Dynamic shared memory calculated by ncu larger than Max_shared_memory_per_block

I have utilized Nsight Compute to profile an AI model and observed that one of the kernels utilizes 61.4kb shared memory per block, as depicted in the provided figure.

I have inquired about the maximum shared memory a thread block can utilize using the “maxSharedMemLimitPerBlock” API, and the result I received was 49152 bytes. However, I am perplexed as to why the kernel can still utilize shared memory exceeding this maximum limit. Could someone please offer an explanation for this?

I came across a picture which illustrates that a GPU with a capability of 8.7 can support a maximum of 163 kb shared memory per thread block. I’m wondering how I can obtain this value using the CUDA API. Currently, I am using the API cudaDeviceGetAttribute(&sharedMemLimit, cudaDevAttrMaxSharedMemoryPerBlock, 0);, but it only returns 48 kb.
Furthermore, I have an additional question related to the third parameter of the <<<>>> operator, which represents the dynamic shared memory usage. I noticed that if I set this value larger than 48 kb, I receive an error message stating “invalid argument”. However, considering that the maximum shared memory a thread block can actually use is 163 kb, why is a value larger than 48 kb considered an invalid argument?

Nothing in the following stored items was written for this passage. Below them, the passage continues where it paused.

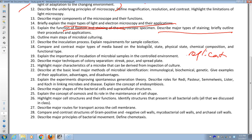For replication techniques — pour plate and spread plate — if I describe a technique, be able to recognize it. Understand the difference between pure, mixed, and contaminated cultures. Know the difference between those three types.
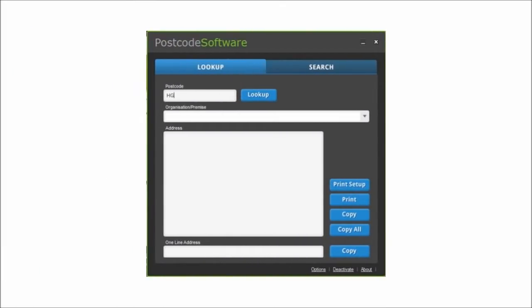Are you looking to find an address? Simple, just type in the postcode and click find, outputting the full address to the screen.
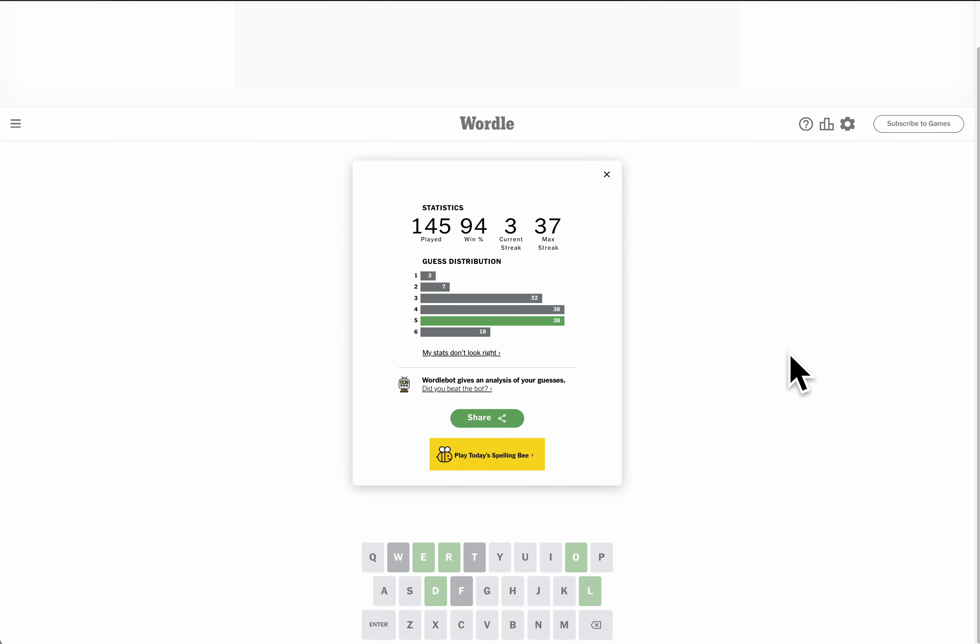Eh, I could've got this in three, but I'll take a five. At least I got it.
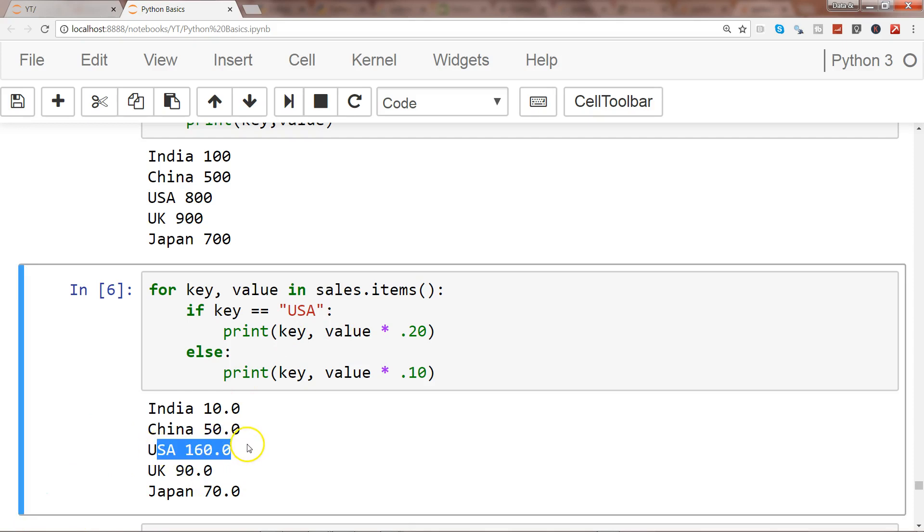So that's how very easily you can mix both the looping and conditional statement for doing the enhanced data processing on your data, on your dictionaries.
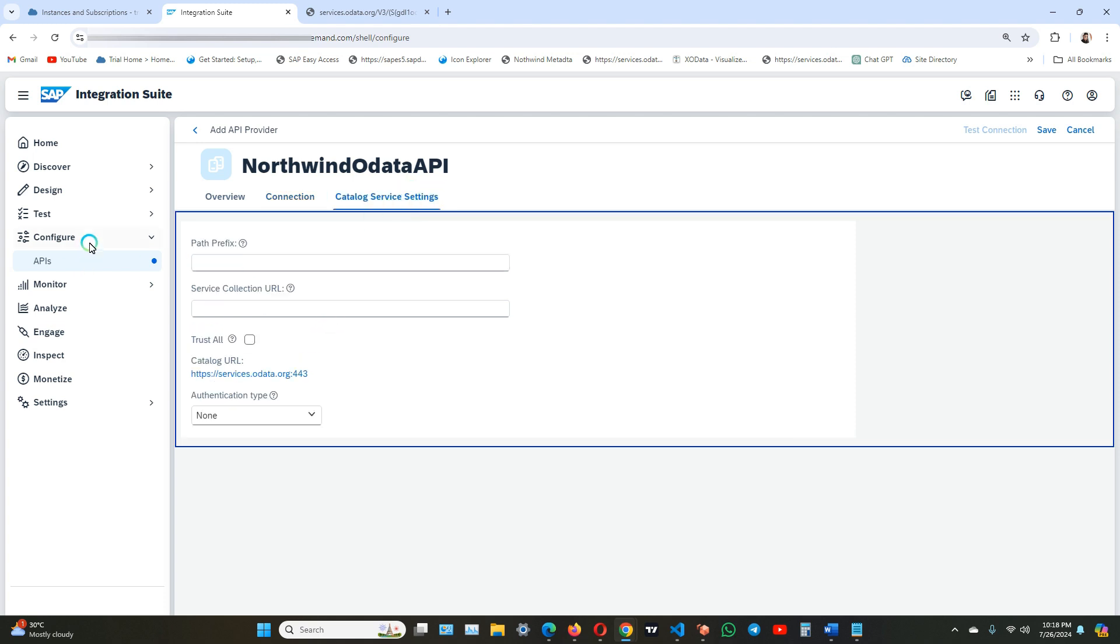Here you need to configure the path prefix and service collection URL. We can leave these fields blank as it is applicable to SAP gateway enabled SAP NetWeaver systems, so you can leave it blank here.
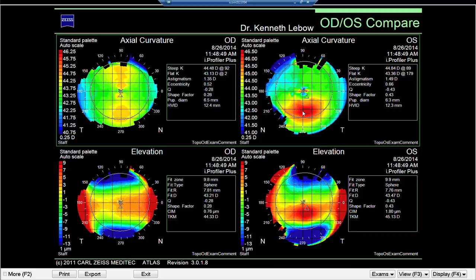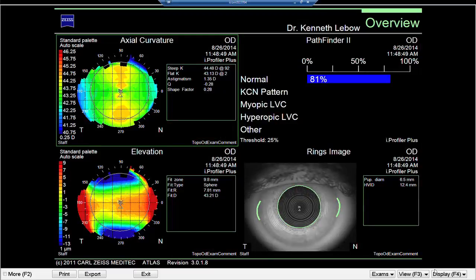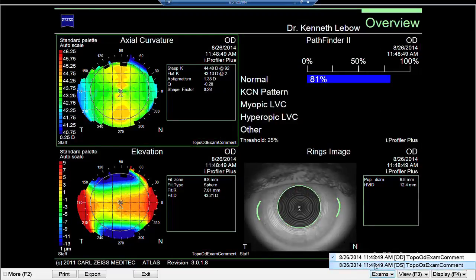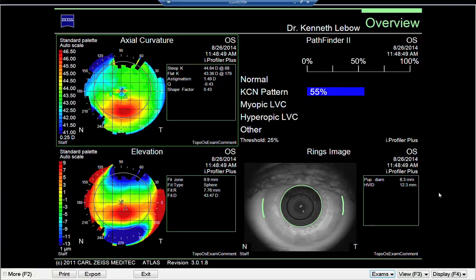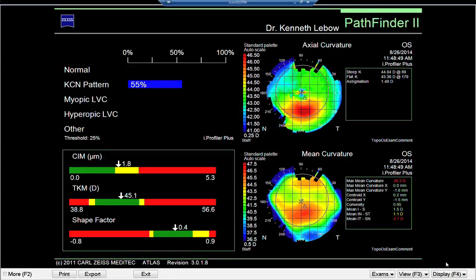Although there are a number of other situations that will mimic keratoconus in a topography situation. Now, if we look at the overall map, we see that the topography is associated with what the computer thinks is a keratoconic pattern. The next thing we're going to do is go to Pathfinder.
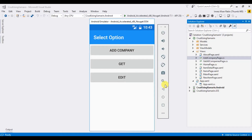Hello viewer, welcome to my channel. This is my seventh video on the Xamarin series. In this video I am going to show how we can edit data from a local database. I already showed save and get operations in my previous videos, so this will be the output of today's video.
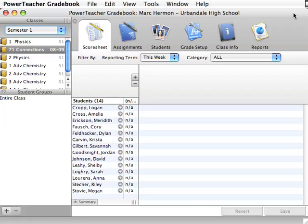Okay, this video will show you how to set up categories that you may or may not want to use throughout the year.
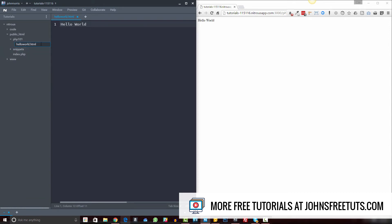here and change this to a PHP file. And now we have a PHP file that we can write PHP code in. And remember, if you've watched the video 'What is PHP,' all that extension is really doing is telling Apache that this is a PHP file and it needs to be sent to the PHP rendering engine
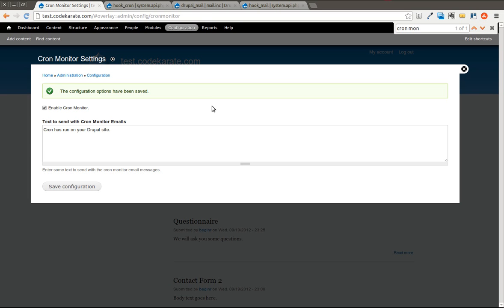Last time we talked about building the Cron Monitor module, which is essentially just a simple demonstration module that is going to allow you to learn how to build an administration form, which is what we did last time and you can see on the screen here, as well as today learn how to implement hook_cron and how to send emails from within a Drupal module.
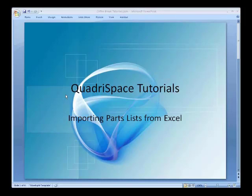Importing parts list from Excel. This will be the first example.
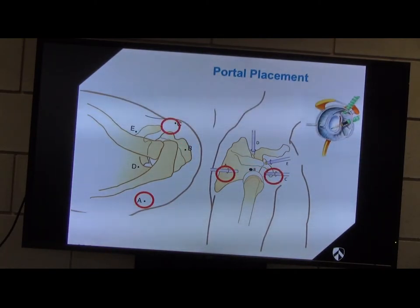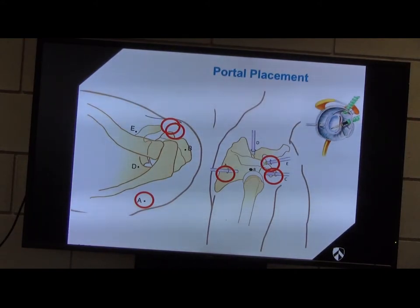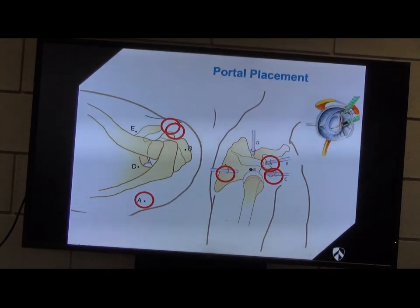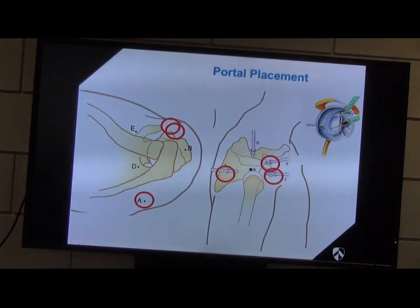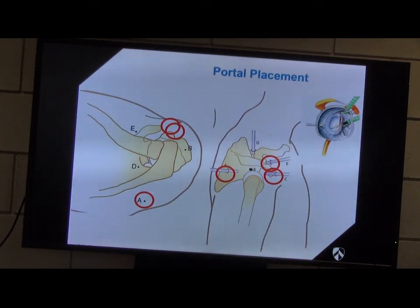Do you need to use cannulas? No, absolutely you don't. If you're doing a labral stabilisation, the standard portals will be posterior and then two anterolateral portals. One portal you tend to put in line with the glenoid, and the other portal you need to put more laterally so that you can fire your anchors into the glenoid face without them skiving off, generally speaking.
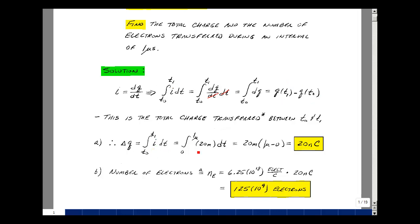Our value of i is just 20 milliamps, a constant, so you can pull it out front. You've got the integral of 1 dt, which is just t, evaluated at the upper limit of 1 microsecond and the lower limit of 0. Our answer is 20 milli times 1 micro: 10 to the minus 3 times 10 to the minus 6th equals 10 to the minus 9th. The symbol for that is a small n, for nano. So 20 nanocoulombs is our answer.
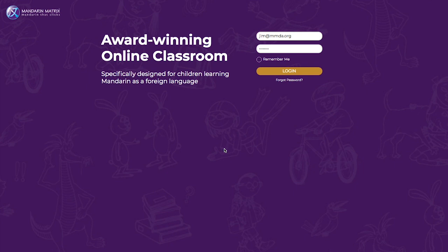In this short video, we'll show you the key features of the student section and how to maximize your learning experience. The Mandarin Matrix Online Classroom is a motivating and engaging tool that can be used by anyone. So let's get started and log in.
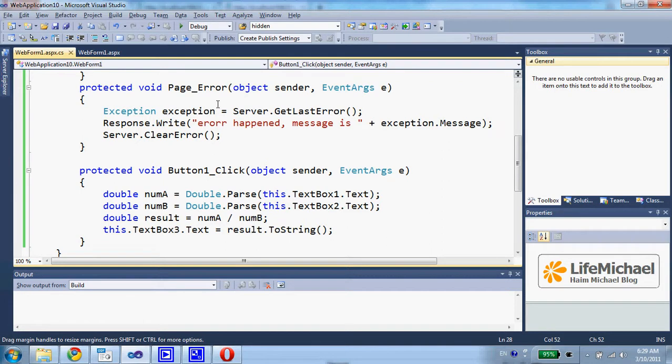So we can actually define a method that will be kind of a default handling for exceptions in our code.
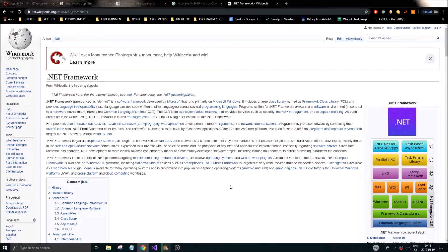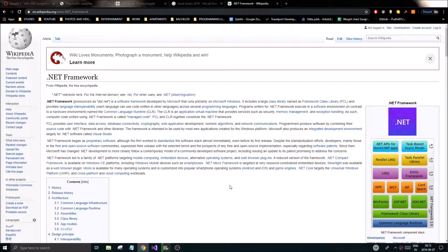Hey guys and girls, welcome to this new series in C# examples. Here we're going to create some simple examples and you're going to follow me on my journey learning C# through a distance course I'm attending. I'm going to take up all the examples they're using, code them on my own, customize them a little bit, and make tutorials out of them.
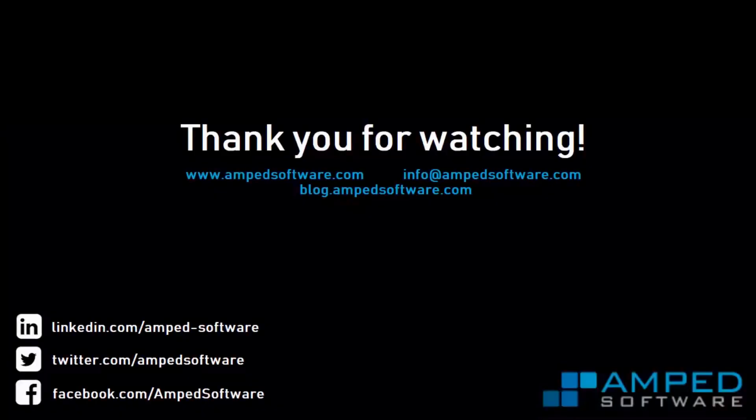That's all for now. Make sure to update to the latest version of Amped Authenticate, check out our blog, our social media pages and our website, and subscribe for more Amped content in the future.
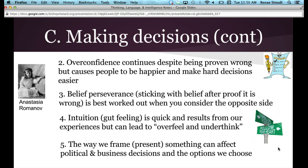The last point is that the way you frame or present something can also affect decisions — including political decisions, business decisions, and the options you choose. For example, if a doctor tells you that 80% of people who have knee surgery never have any further complications, you're likely to say okay and go ahead with it. But if the doctor instead says 20% of people have to come back for another surgery or still have pain — even though it's just flipping the same statistic — people will reconsider.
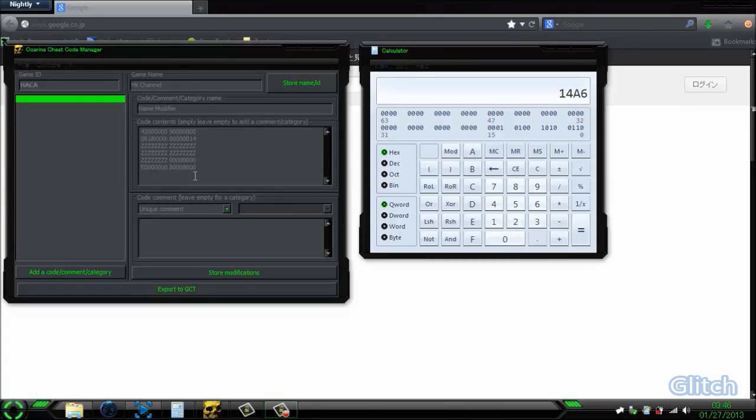Hey everybody, how's it going? Today I'm going to be teaching you a quick way to change your Mii's name with a cheat code that lets you put it in any language you like.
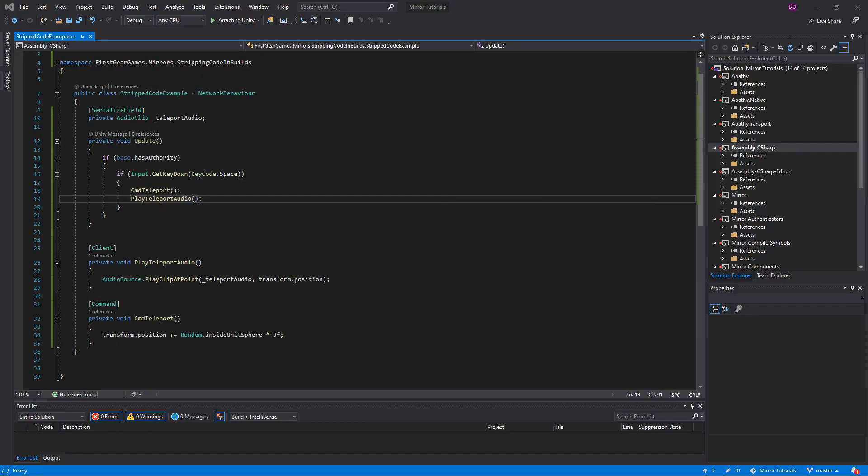Welcome to a really quick video on how to strip server code from your builds. The primary reason why you would want to do this is so that players cannot decompile your game and easily reveal how the server code works. And even though the code may sit on the server, knowing how it performs could give hints as how to cheat in your game.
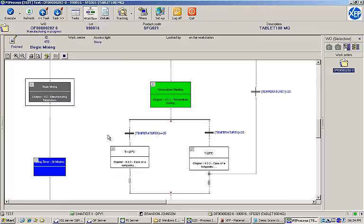You can see that the wait element has been activated and will not allow the workflow to continue until the specified time limit has been reached. While we're mixing, let's move on to the temperature reading task.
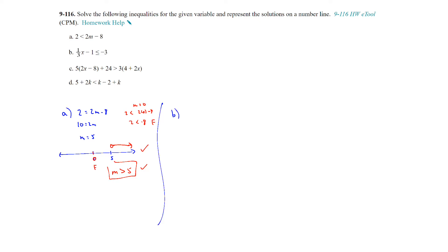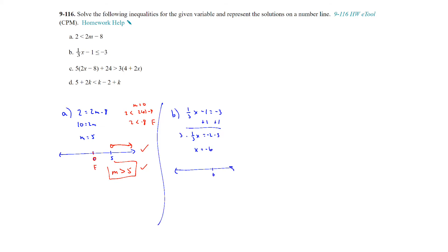Part B: One-third x minus 1 equals negative 3. Find the boundary point first: one-third x equals negative 2, multiply both sides by 3, x equals negative 6. On the number line, negative 6 gets a closed circle because there is an equal-to sign. Test x equals 0: one-third times 0 minus 1 is less than or equal to negative 3 — is negative 1 less than or equal to negative 3? No, false. So go in the other direction. The solution is x is less than or equal to negative 6.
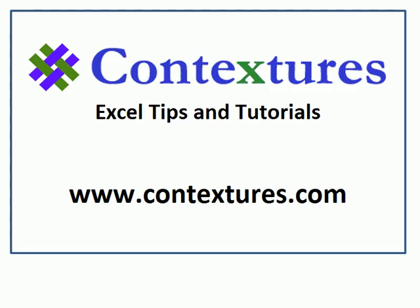For more Excel tips and tutorials, please visit my Contextures website at www.contextures.com.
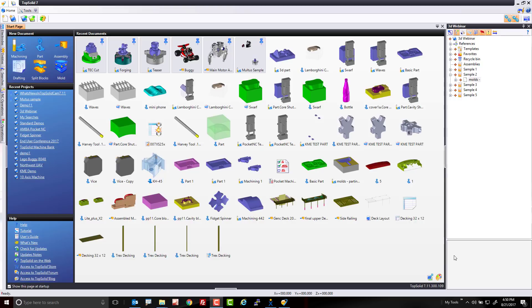Welcome to TopSolid7. In this video, I'm going to walk you through a basic 3D milling sample.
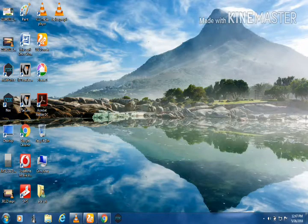Hello friends, we are going to see a video on a computer and a desktop screen recording.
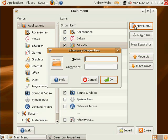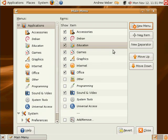Under add new item, we need to pick an application type, a name, command, and comment. We can also click new separator.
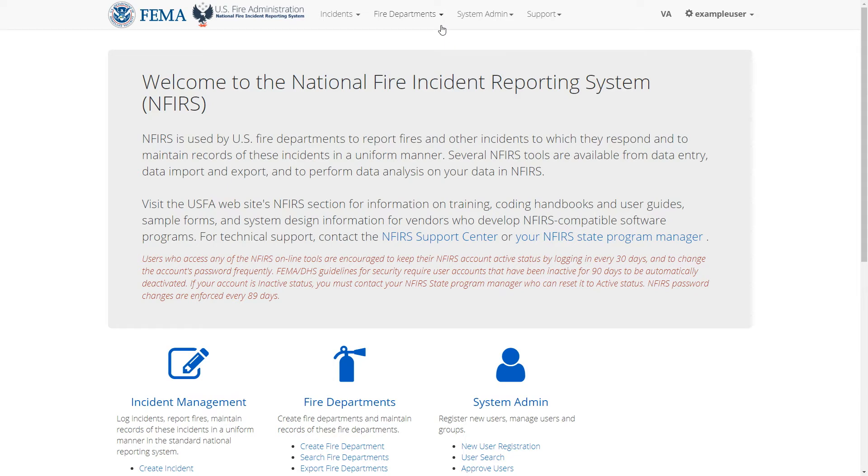Hi, in this video we'll look at how to import fire departments. I would suggest first looking at the videos for importing an incident and reading the import log files, since the import process for incidents and fire departments is basically the same.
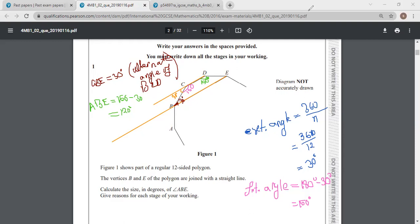We write our reasons beside our workings. Reason one: angle CBE is 30 degrees because it is the alternate angle of BCD. To get 120 degrees for ABE: all the angles in a regular polygon are equal, and our interior angle is 180 minus 30, that is 150. This is the end of question number 1.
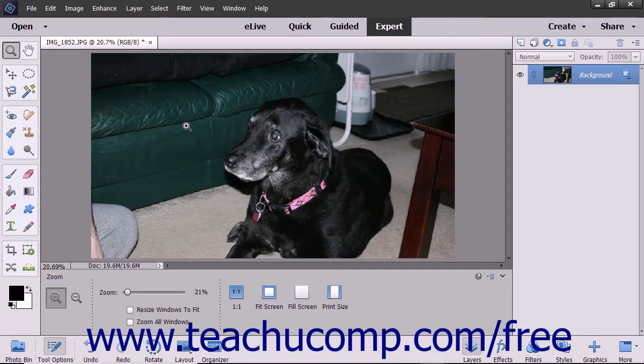Another neat filter you can use with images is Correct Camera Distortion, which corrects many different distortions that can happen when taking photos. For example, taking a picture of a skyscraper in a large city while on the ground gives you a distorted view of the building.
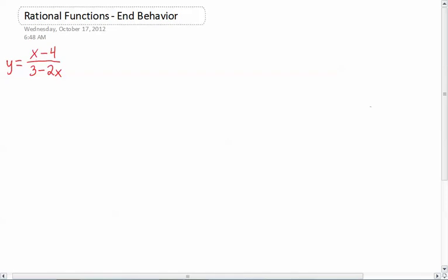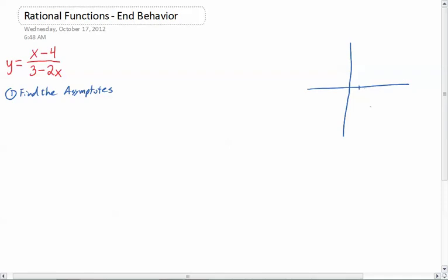So let's go ahead and work with this one right here. I've got x minus 4 over 3 minus 2x. The first thing we're going to do is find the asymptotes. As we're going, I'm going to go ahead and just graph it over here on the side, little by little, so that we can put things together and make sure everything's making sense. I like to do it all at once because then I can see if I've made a mistake.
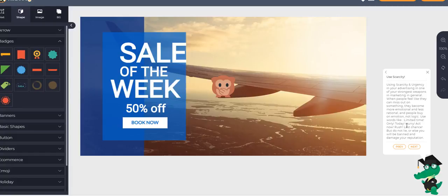And then it continues to say, basically don't lie. So basically the idea is that this teaches you things that you can either forget or not know, gives you tips, gives you ideas, helps you create a more converting ad. This is absolutely amazing.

The last part of this section may help you.

" Kernels relying on shared memory allocations over 48 KB per block are architecture-specific, as such they must use dynamic shared memory (rather than statically sized arrays) and require an explicit opt-in using cudaFuncSetAttribute() as follows."

Thanks for your response.

This topic was automatically closed 14 days after the last reply. New replies are no longer allowed.